#### TASK
Pictures excluded, please transcribe exactly the lines from the one with "立博体育网站-欧文为东契奇招募詹姆斯 独行侠超级三巨头要来了" through the end of the records below, and nothing more.

#### MATERIAL SHOWN
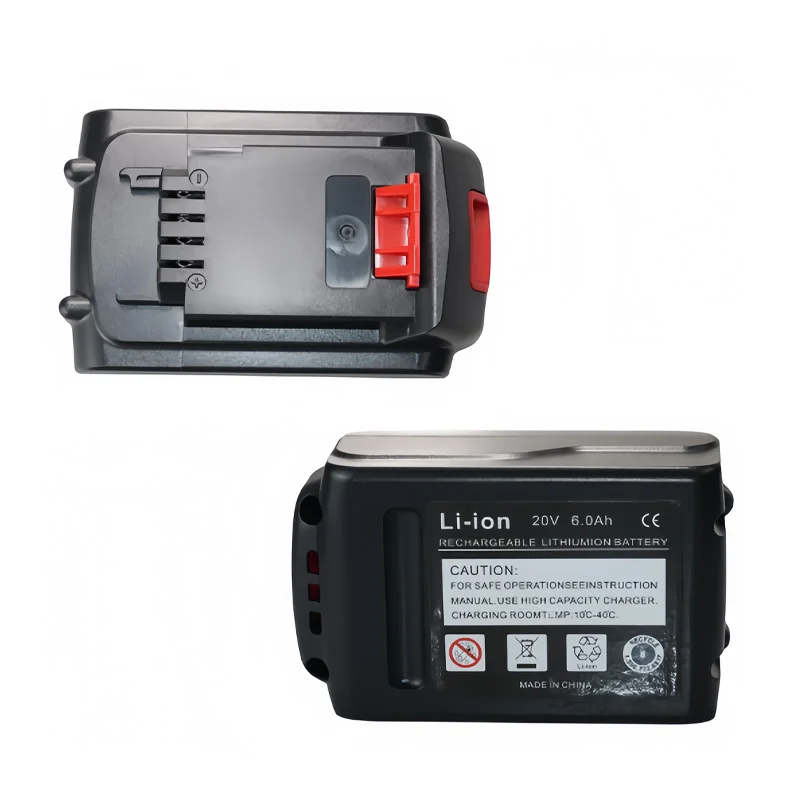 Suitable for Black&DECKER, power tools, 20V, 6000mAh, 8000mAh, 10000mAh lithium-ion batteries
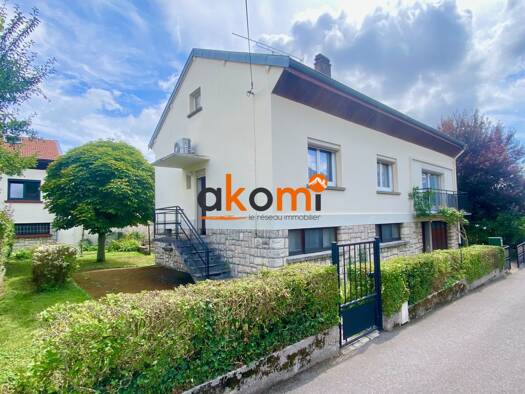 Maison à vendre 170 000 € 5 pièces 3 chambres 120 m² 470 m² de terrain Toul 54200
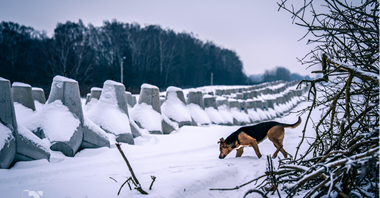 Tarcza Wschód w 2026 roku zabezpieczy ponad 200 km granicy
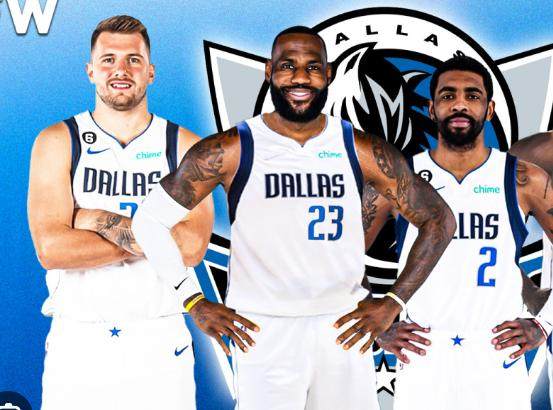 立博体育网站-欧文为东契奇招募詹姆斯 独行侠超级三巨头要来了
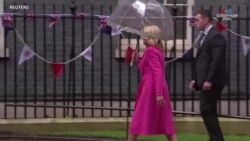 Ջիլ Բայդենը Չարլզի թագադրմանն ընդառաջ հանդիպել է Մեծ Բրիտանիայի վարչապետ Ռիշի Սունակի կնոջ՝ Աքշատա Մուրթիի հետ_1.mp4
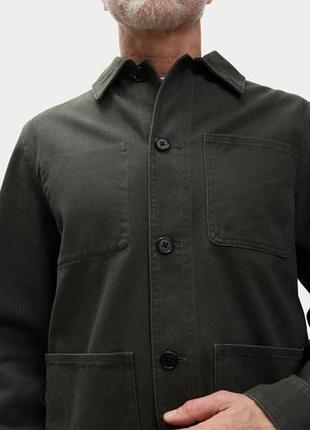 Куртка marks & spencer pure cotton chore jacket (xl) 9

#### SOLUTION TO THIS EXERCISE
 立博体育网站-欧文为东契奇招募詹姆斯 独行侠超级三巨头要来了
 Ջիլ Բայդենը Չարլզի թագադրմանն ընդառաջ հանդիպել է Մեծ Բրիտանիայի վարչապետ Ռիշի Սունակի կնոջ՝ Աքշատա Մուրթիի հետ_1.mp4
 Куртка marks & spencer pure cotton chore jacket (xl) 9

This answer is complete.